Let be $u_n = \dfrac{1}{\sum\limits_{k=1}^n k^{\frac{1}{k}}}$, I am trying to show that $\sum\limits_{n \geq 1} u_n$ is divergent.
First, I tried to naive ideas, comparing it to a usual Riemann series, applying Alembert / Cauchy rules and doing series expansion.
I am wondering if it has to do with Cesaro theorem.
We know that $k^{1/k}\to 1$ as $k\to\infty$. This also implies that $$ \frac{1}{n}\sum_{k=1}^n k^{1/k} \to 1$$ (it's a general fact, if the limit of a sequence exists, then also the cesaro average converges to it).
In particular this implies that $\sum_{k=1}^n k^{1/k}\sim n$ and so $u_n\sim\frac{1}{n}$. But then we can conclude that $\sum_{n\geq 1} u_n $ diverges since $\sum_{n\geq 1}\frac{1}{n}$ does.

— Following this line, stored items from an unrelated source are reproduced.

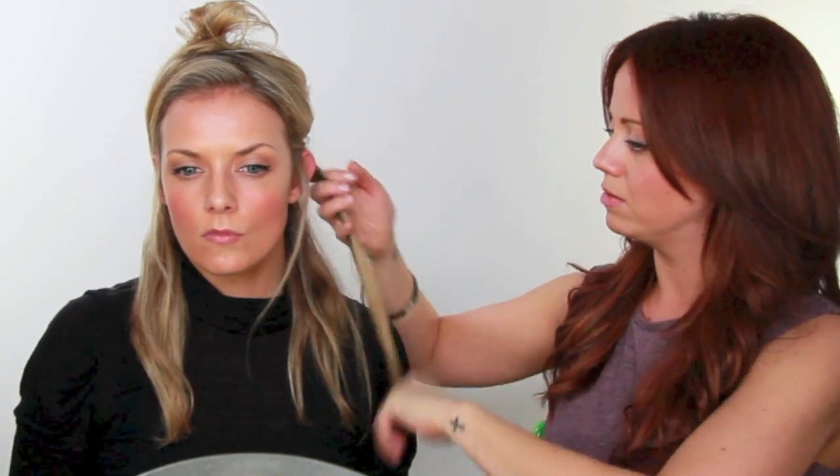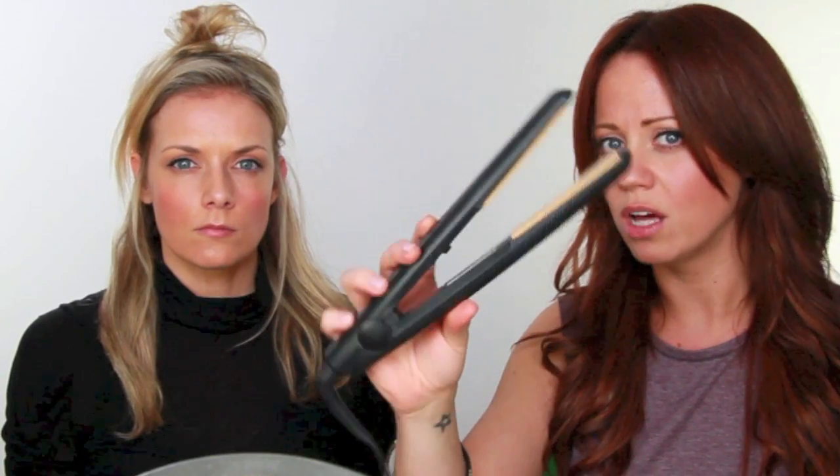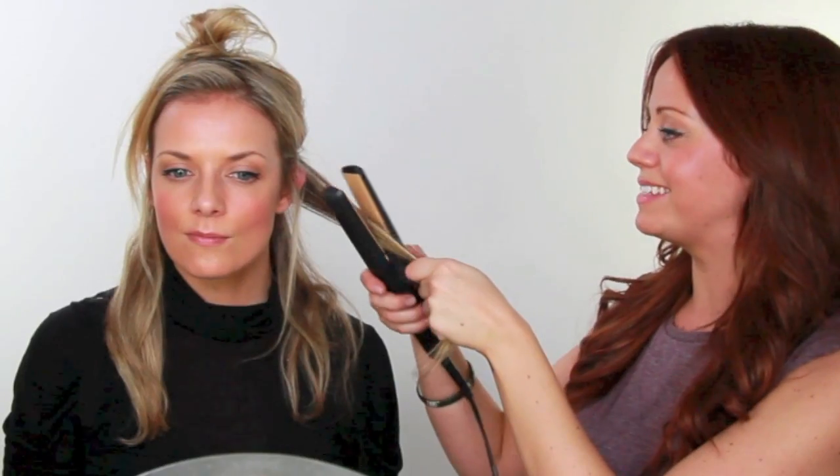Stacey is going to take a section — we'll leave that a little bit down — and we're going to go away from the face. The curls are going away from the face; it's more flattering. When you start to go forward you kind of get the Hollywood Glamour look, which we'll show on another video. So we have GHDs and they retail from £99 to £129. Put it in a section about two inches away, then just pull it round and twist it.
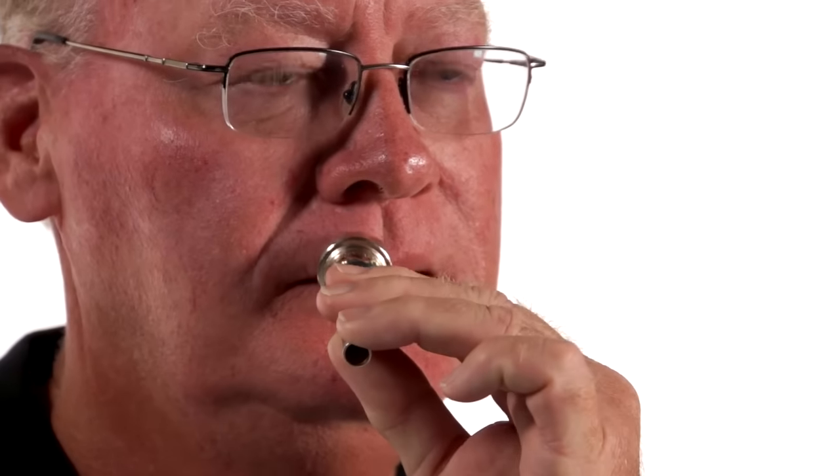Now let me show you with the visualizer and the mouthpiece how not to place it. You want to make sure that you're in the middle of your mouth. You don't want to be over to one side or the other. That's called playing off to the side of your embouchure. Don't play off to the side — play in the middle. Unless there's something wrong with your teeth, definitely go for the middle of your lips.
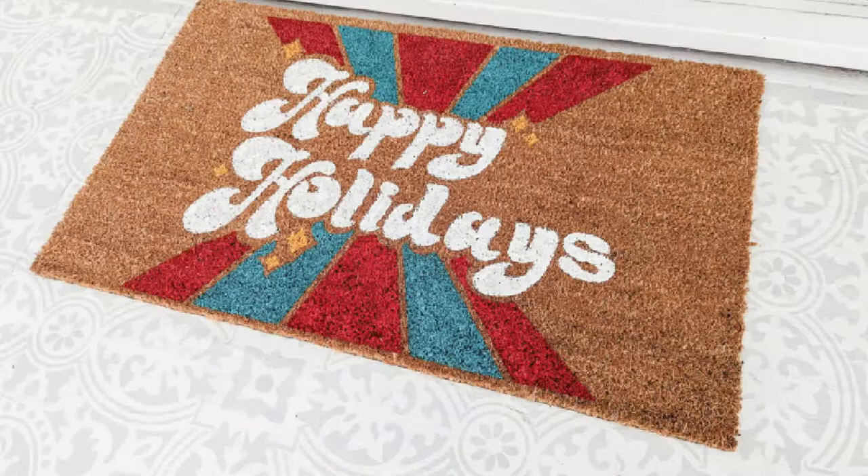Hey, it's Carrie from Lovely Etc. Today I'm going to show you how to make a DIY stenciled doormat. In particular, I am making a Happy Holidays doormat, which is perfect for Christmas or whatever other holiday you celebrate. But the same method would work really well for any doormat that you want to stencil with multiple colors of paint.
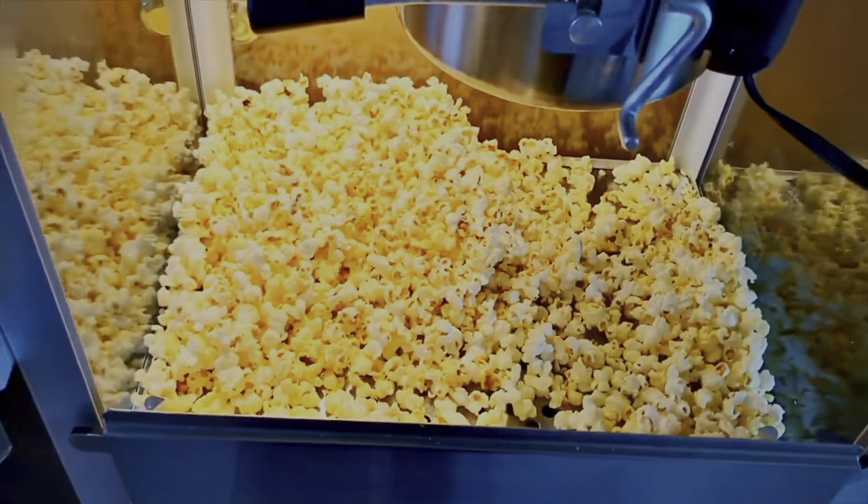Hey there. I'm going to show you the products that I used to make this awesome popcorn and get that theater popcorn taste. Check these products out because they're exactly what's going to give you that theater popcorn taste — it tastes amazing. Don't go out and use the oil from the store. You want to get the professional stuff. The supplies that you get are going to last you a long time, especially for the normal person.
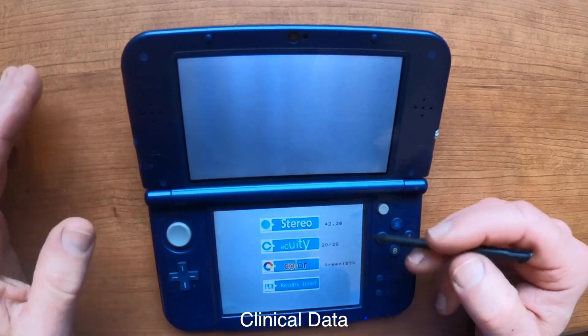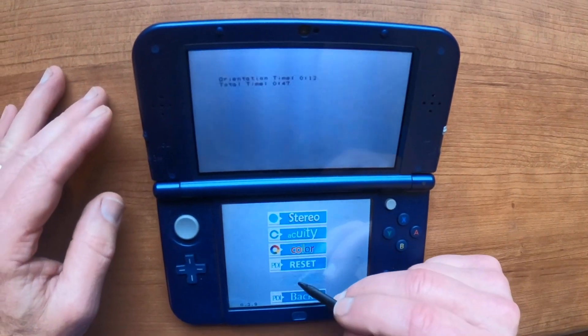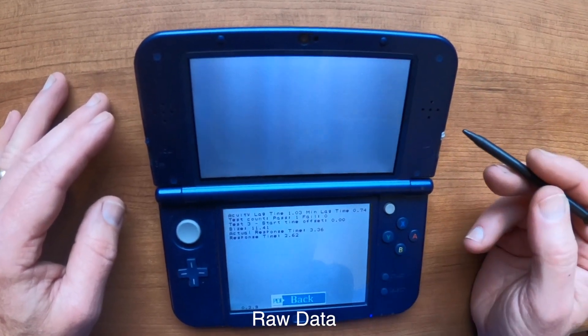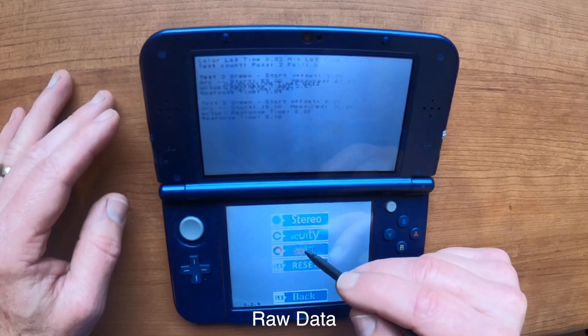This is your clinical score. The raw score gives you stereo, visual acuity, and color.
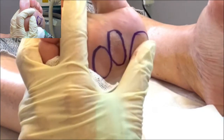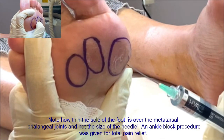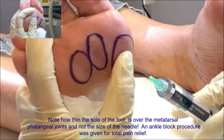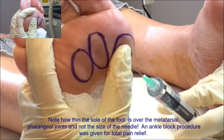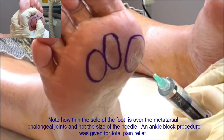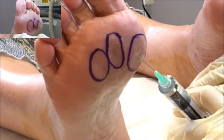Alright, here we go. Let's just check the camera — beautiful. We're going to go superficially, just underneath the skin, not too far in. And now I'm just going to fill her in there. You can see it's just much underneath the surface there.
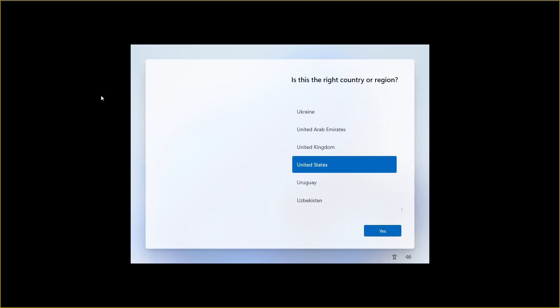You can plug the OTG drive into a PC and boot from the USB drive. For the first time, you need to set up and complete the Windows 11 installation.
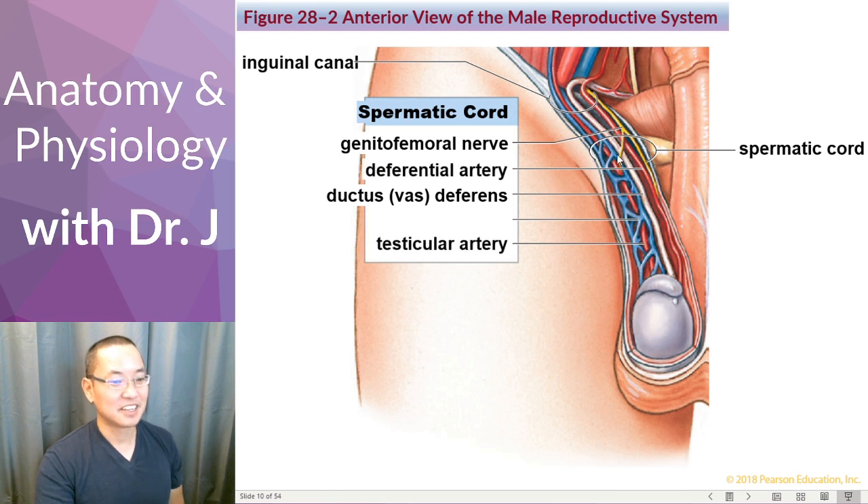Notice we also have arteries — the deferential artery and testicular artery — providing blood supply, oxygen, and nutrients to the testes. Then we have veins: a very complicated-looking vein called the pampiniform plexus. Plexus refers to a network — like the brachial plexus, a network of nerves in the arm — but here the plexus refers to veins that are highly branched and form an interconnected network.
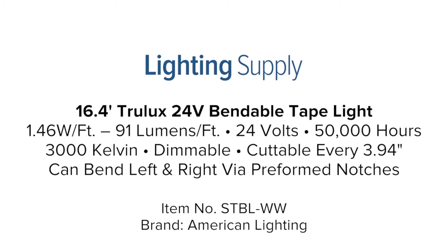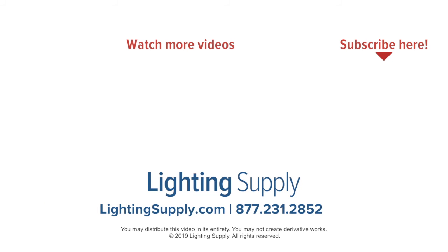You can buy this and hundreds of thousands of other products at LightingSupply.com. If you found this video helpful, be sure to hit the like button below and subscribe to our channel for new videos every week.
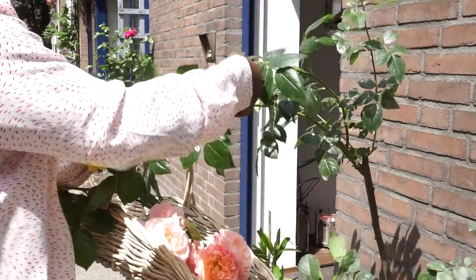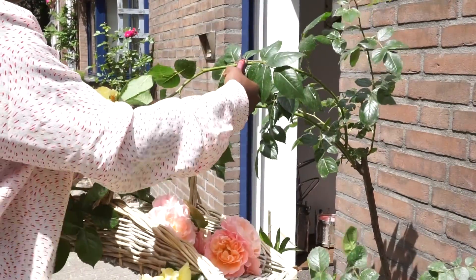Secondly, you have to water them. Thirdly, they require lots of sunlight. And last but not least, you need to prune your roses or deadhead them.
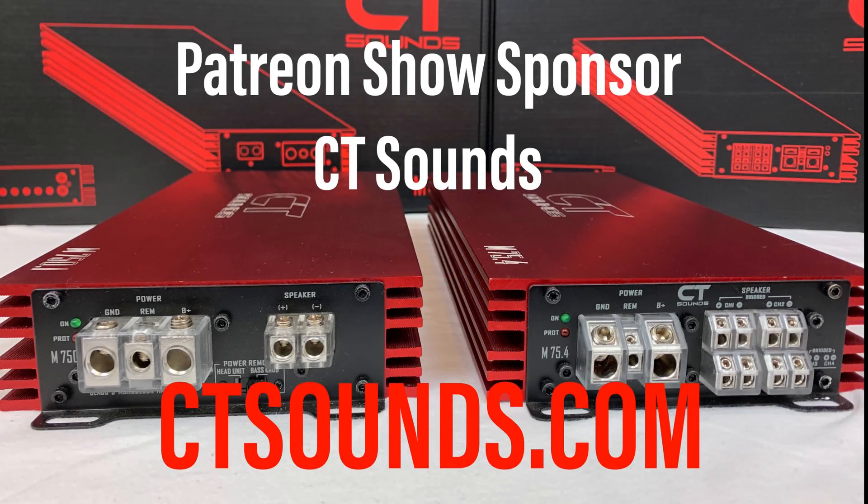This video is brought to you by Patreon show sponsor CT Sounds. You can check them out at ctsounds.com.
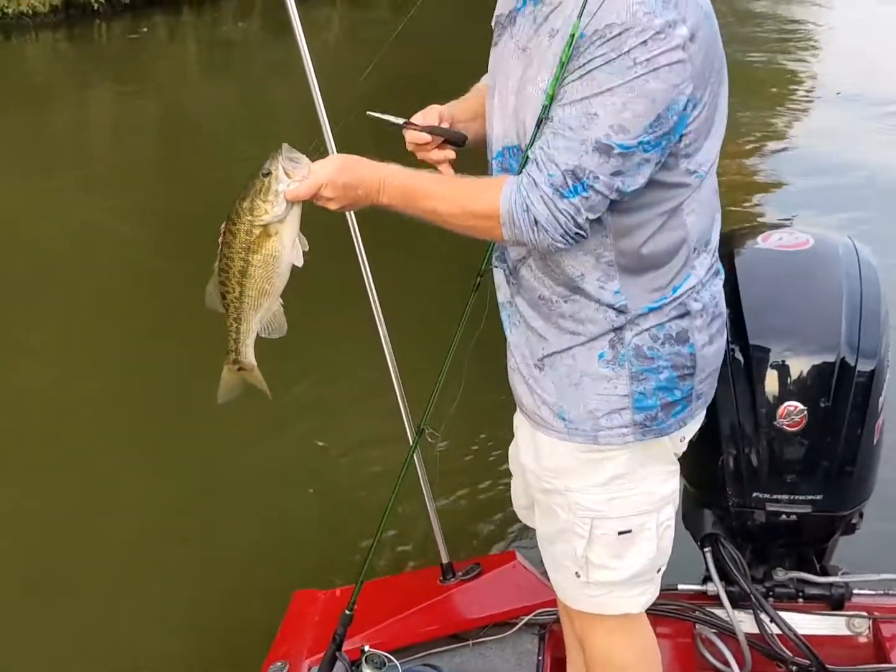All right guys, so that was the first spot. We got five bites, two largemouths, and two spots, I think. Got four in the boat. Got some docks up there. I'm going to try it out and see if we can get some more.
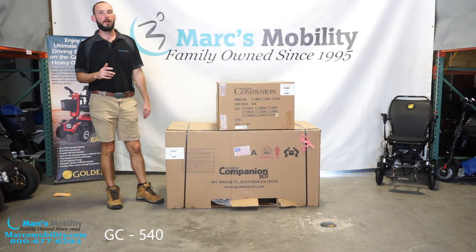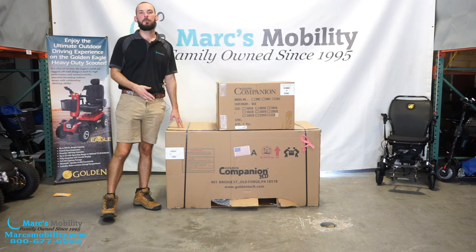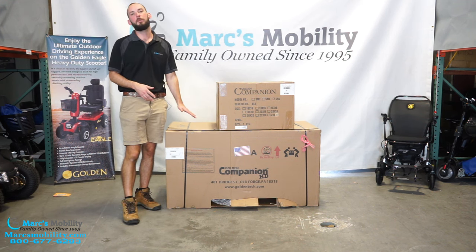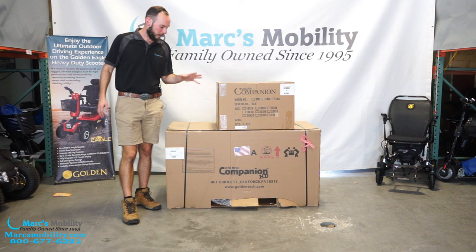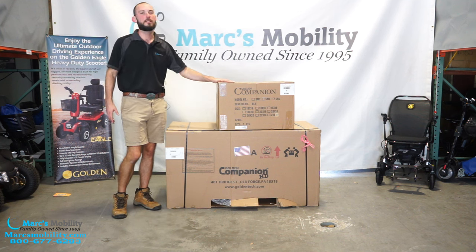When you receive your GC550, it will most likely be on a pallet. I have already removed the pallet for the ease of this video, but it will probably be on a pallet. Then you'll have these two boxes here — you've got your scooter base and you have your scooter seat.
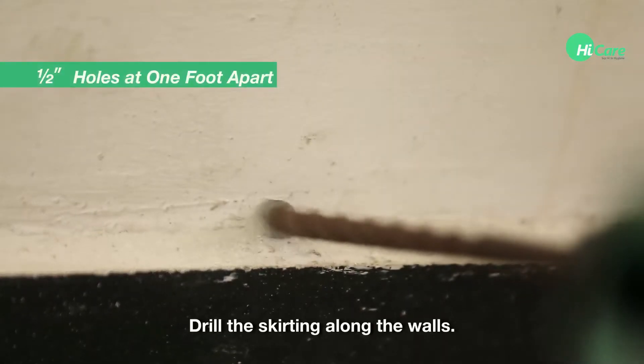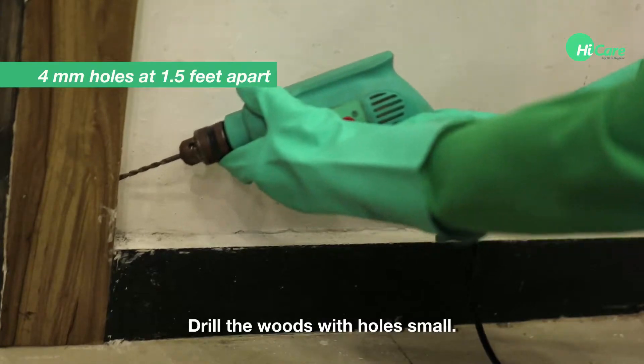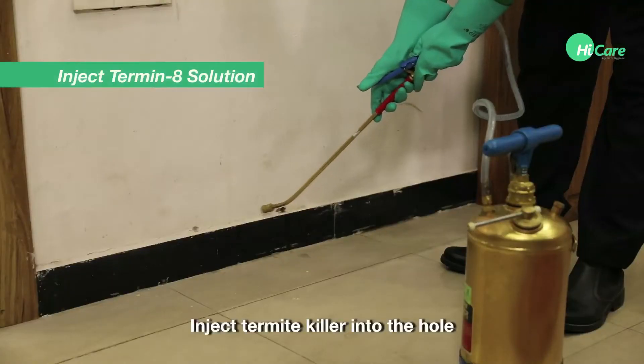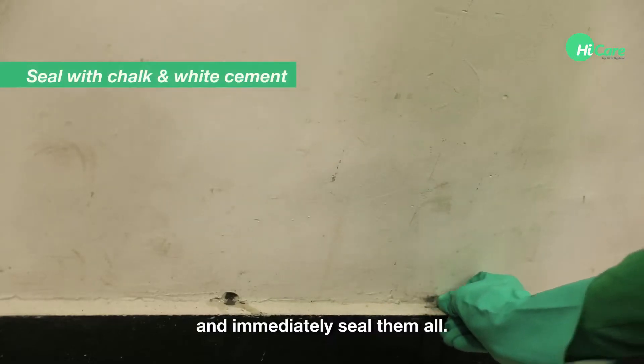Drill the skirting along the walls. Drill the woods with holes small. And then, inject termite killer into the hole. And immediately seal them all.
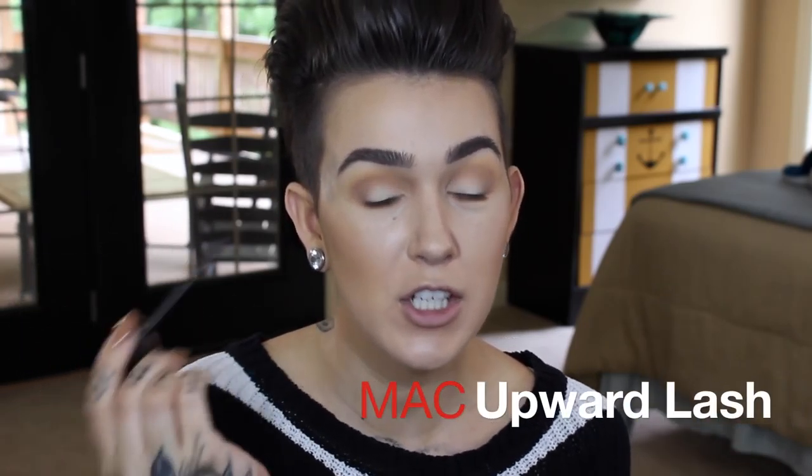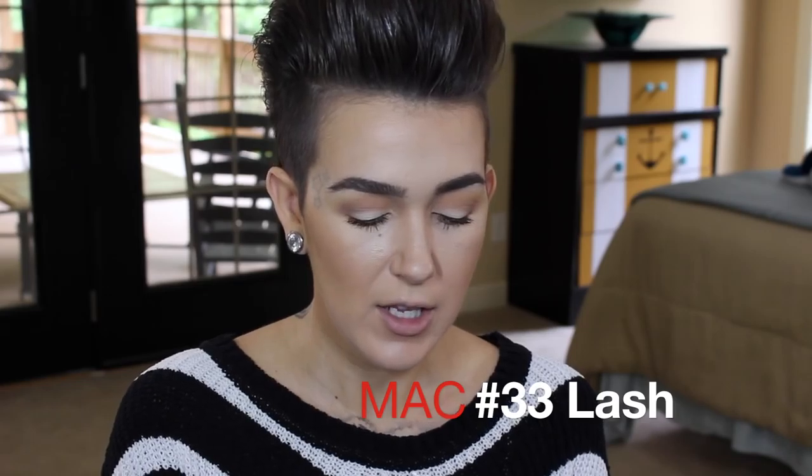Since this look is all about the bold lip, I'm skipping liner and going straight in with mascara — I'm using MAC Upward Lash. That gives me a nice effect but I'm going to enhance it just a little bit with MAC 33s false lashes, which are still natural-looking but open up the eye a bit more.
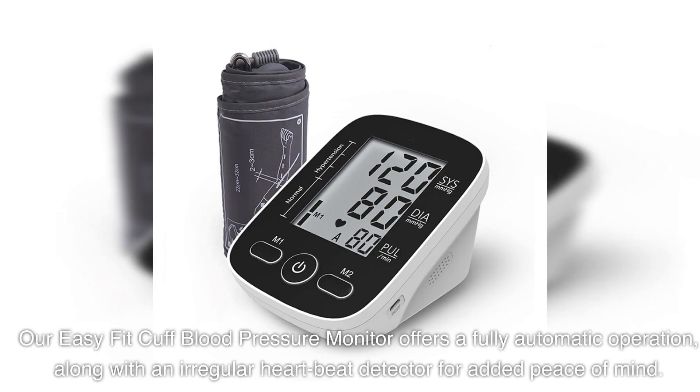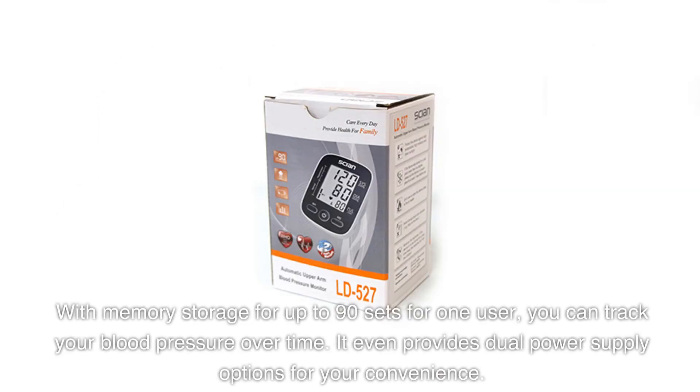Our EasyFit Cuff Blood Pressure Monitor offers fully automatic operation, along with an irregular heartbeat detector for added peace of mind. With memory storage for up to 90 sets for one user, you can track your blood pressure over time. It even provides dual power supply options for your convenience.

By the AM-GM inequality, for any $k\geq 2$ we have $$ k^{1/k}=\text{GM}\left(1,\frac{2}{1},\ldots,\frac{k}{k-1}\right)\leq \text{AM}\left(1,\frac{2}{1},\ldots,\frac{k}{k-1}\right)=1+\frac{H_{k-1}}{k} $$ hence it follows that for any $n\geq 2$ we have $$ \sum_{k=1}^{n}k^{1/k} \leq n+\sum_{k=1}^{n-1}\frac{H_{k}}{k+1}\stackrel{\text{SBP}}{=}n+H_{n-1}(H_n-1)-\sum_{k=1}^{n-2}\frac{H_{k+1}-1}{k+1} $$ and $$ \sum_{k=1}^{n} k^{1/k} = n +O(\log^2 n) $$ trivially implies that the original series is divergent.